The first requirement is associated with receivers with high-gain rooftop directional antennas, low mobility and a predominantly line-of-sight channel. The second requirement is associated with receivers in cars, with external omni-directional antennas. In addition to the above two requirements, a third requirement was added related to improving the CAS reception for both large ISD and high mobility scenarios.

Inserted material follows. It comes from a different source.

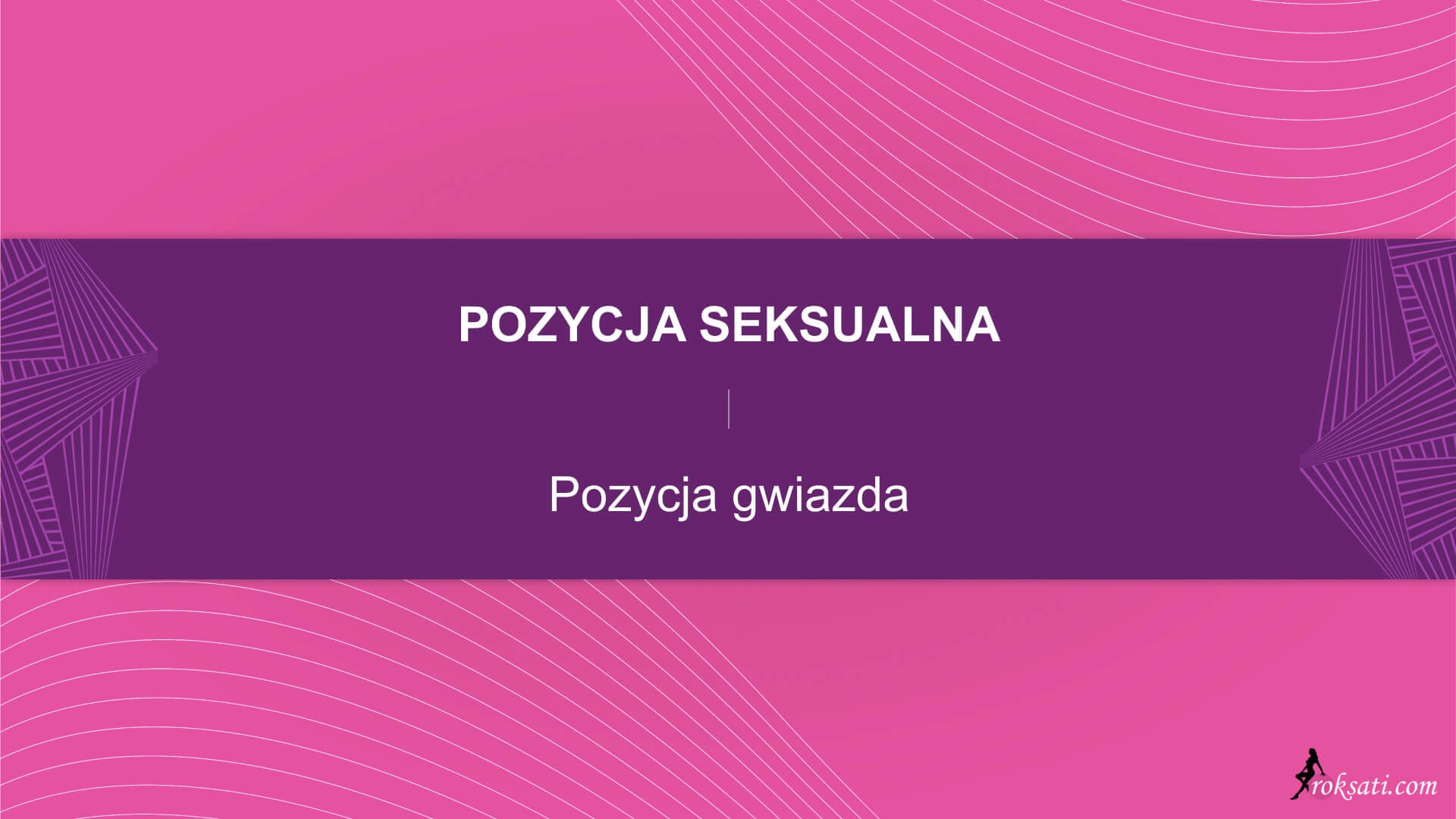 Pozycja seksualna – Pozycja gwiazda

In Release 14, the following key RAN enhancements were made to the specifications to enable LTE terrestrial broadcast:

• MBMS-dedicated cell TS 36.300;
• MBSFN subframes using Δf = 1.25 kHz TS 36.211, with a cyclic prefix duration of 200µs and a symbol duration of 1ms;
• New information blocks on PBCH and PDSCH of CAS TS 36.300, TS 36.331:
  • MIB-MBMS is transmitted with a 40ms periodicity and updated every 160 ms; and
  • SIB1-MBMS is transmitted with an 80ms periodicity and updated every 160 ms, containing information relevant for receiving MBMS service and, optionally, the scheduling of other system information blocks;
• MBMSInterestIndication RRC signalling procedure (see clause 4.1).

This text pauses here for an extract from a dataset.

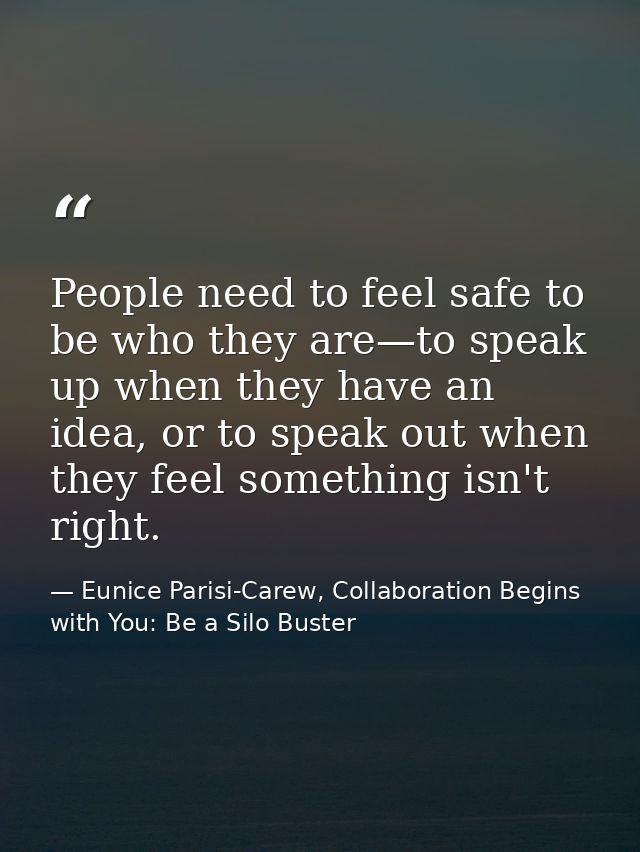 People need to feel safe to be who they are—to speak up when they have an idea, or to speak out when they feel something — Eunice Parisi-Carew, Collaboration Begins with You: Be a Silo Buster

In Release 16, the following RAN enhancements were made to address the use cases described in clause 4.2:

• MBSFN subframes using Δf = 0.37 kHz, with a cyclic prefix duration of 300µs and a symbol duration of 3ms, for the support of large ISD;
• MBSFN subframes using Δf = 2.5 kHz, with a cyclic prefix duration of 100µs and a symbol duration of 0.5ms, for the support of high mobility;
• The following enhancements on the CAS:
  • PDCCH enhancements:
    • CFI indication in MIB TS 36.331 to avoid the need to decode PCFICH; and
    • New aggregation level 16;
  • Repetition of PBCH to increase its robustness.

In Release 17, the following RAN enhancement was introduced to enable deployment of LTE-based 5G terrestrial broadcast in broadcast UHF spectrum, where the channelization is 6/7/8MHz (depending on the geography):

• PMCH bandwidth of 30, 35 and 40 PRBs (corresponding to 6/7/8MHz), applicable for CAS bandwidth of 15 or 25 PRBs (corresponding to 3 and 5MHz).